Crafting “moonlit,” luminescent skin, using NARS Multiple in Luxor for a dramatic highlight, Murray blended its forthcoming Single Eye Shadow in Namibia, a dove-gray matte pigment, from the lash line right up to the brows to give a halo effect around the eyes. But the real focus was a set of magnificently groomed arches, which Murray crafted using NARS’ as-yet-unreleased Brow Perfector. “The brows are really important to this look, but they need to look real and not drawn on,” Murray explained, sketching individual hairs, rather than taking long sweeps with the pencil, to make the line look as natural as possible.

Rather than duplicate Wednesday Addams’ signature center part, hairstylist Luke Hersheson carved out severe side parts and poker-straight polished hair. “The positioning of the parting is critical with this look—it needs to be on the left-hand side and begin two-thirds of the way down the brows,” he pointed out, using L’Oréal Professionnel Tecni Art Pli and Liss Control to give strands a super-glossy mirror-like finish.

Photo: Stuart Wilson/Getty Images

EXCLUSIVE: Backstage Beauty Alert: NARS Extends Its Reach Across The Pond


NARS is a New York fashion week staple—even more so since the brand’s namesake founder returned to the backstage trenches for the Fall 2009 season to reunite with longtime friend and collaborator Marc Jacobs on the beauty look for the designer’s show. Since then, Francois Nars’ expertly crafted color palette and divinely textured creams, powders—and, more recently, skin salves—have been increasingly responsible for major makeup moments on the runway at shows like Thakoon, Rodarte, 3.1 Phillip Lim and starting last season, Alexander Wang.
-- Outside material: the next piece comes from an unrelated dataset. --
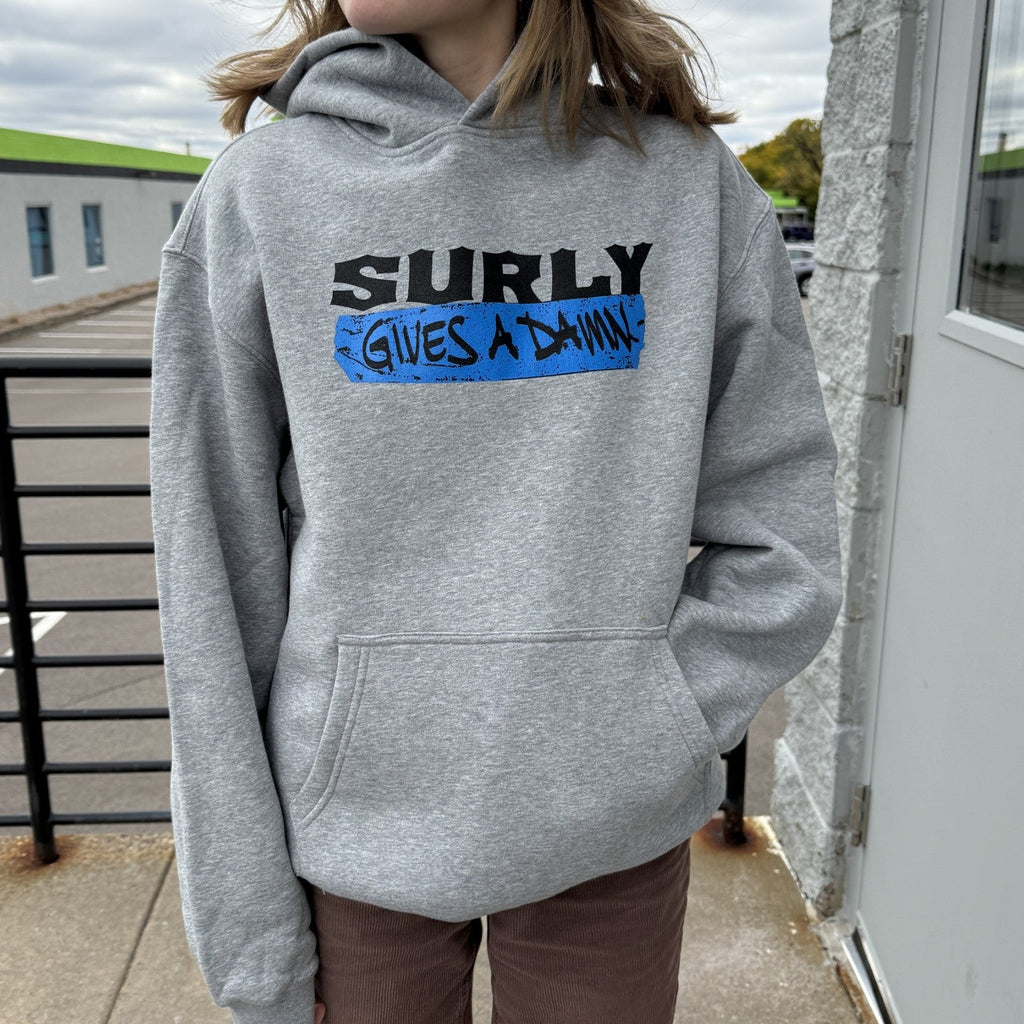 Surly Gives A Damn Hoodie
The brand’s presence in Europe, however, has been a work in progress that’s about to get a big boon: after nabbing sponsorship duties at Christopher Kane for Spring, NARS has just announced that it will be taking over face-painting duties backstage at Erdem for Fall. The London-based label is on the upswing, thanks in part to a few recent celebrity endorsements (Sienna Miller’s Golden Globes Erdem two-piece was upstaged only by the sheer ensemble Kristen Stewart memorably wore to an On The Road premiere back in December), and designer Erdem Moralioglu’s commitment to strong beauty looks (Spring’s psychedelic Stepford Wives, anyone?) leads us to believe that this partnership is a match made in makeup heaven. Stay tuned.

Photo: Luca Cannonieri /

“Sci-chedelic” Stepford Wives, Backstage At Erdem


Gone was the Victoriana-goth girl that ruled the mood boards backstage at Erdem for Fall. In her place: “otherworldly creatures,” according to face painter Andrew Gallimore, who set to work sculpting a “much brighter, more luminous lady” for Spring.
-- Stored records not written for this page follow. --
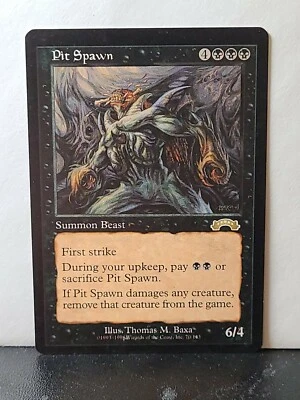 MTG Exodus - Pit Spawn - LP/NM (Magic The Gathering) - Image 1 of 2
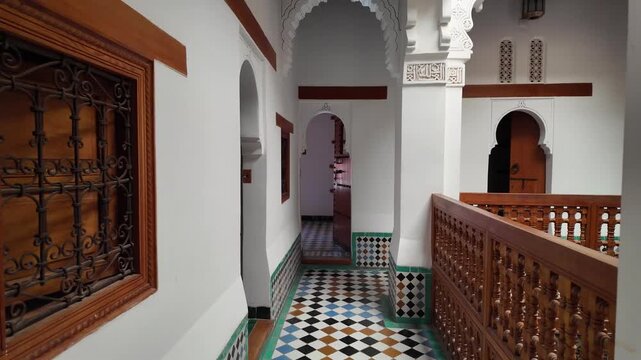 M&eacute;dersa Ben Youssef, Marrakech, Morocco &ndash; Historic Islamic Architecture &ndash; May 5, 2026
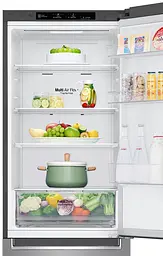 Холодильник LG GA-B459SMRZ 186х68х60см 2 дв холодильне відділення 234 л морозильне відділення 107 л A++ NF платиновий сірий (GA-B459SMRZ) - мініатюра 9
“Sci-chedelic” is the neologism that was being bandied about between hair and makeup artists in reference to a certain sci-fi psychedelia that informed the beauty effort. “They’re supposed to be like an army of clones,” Gallimore explained, applying a base of MAC Mineralize Moisture Foundation and a touch of its Prep + Prime Finishing Powder. “It’s a bit Stepford Wife-y,” he continued, working its Strobe Cream into the nose bridge, cheeks, and the cupid’s bow of lips to create a futuristic luminosity. Curling the lashes and brushing brows upward, Gallimore slicked mouths with MAC Lipmix in Mid-Tone Nude before dabbing just the center with its Pigment in Neo-Orange to allow for a punchy pop of color.
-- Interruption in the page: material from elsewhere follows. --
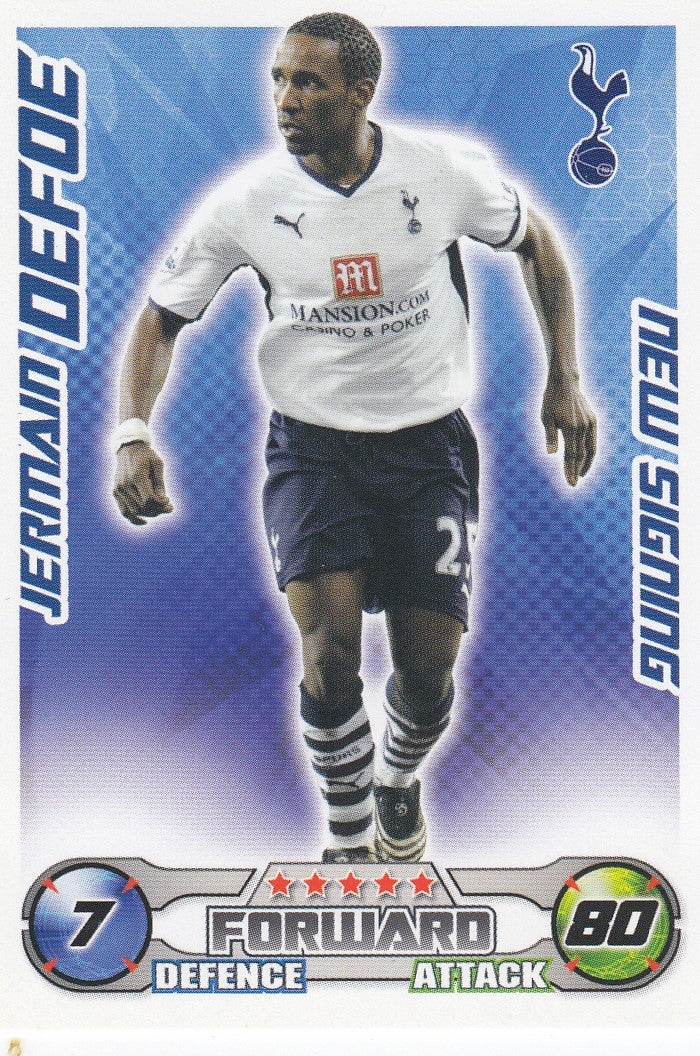 EX-NS-029. JERMAINE DEFOE - TOTTENHAM - NEW SIGNING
“The whimsical, romantic Erdem girl has evolved into a tougher, more androgynous woman,” Charles Worthington artistic director Marc Trinder agreed, sculpting a clean, strong bun for the occasion. Coating strands with the brand’s new Salon Secrets Elixir, Trinder partially dried them so they retained a bit of a greasy, wet finish. Fashioning a deep side part, he proceeded to gather lengths into a low ponytail at the nape of the neck that resulted in a tight, twisted chignon. Worthington’s Front Row Mirror Dazzle Shine Spray and a fat blush brush swept away any lingering flyaways.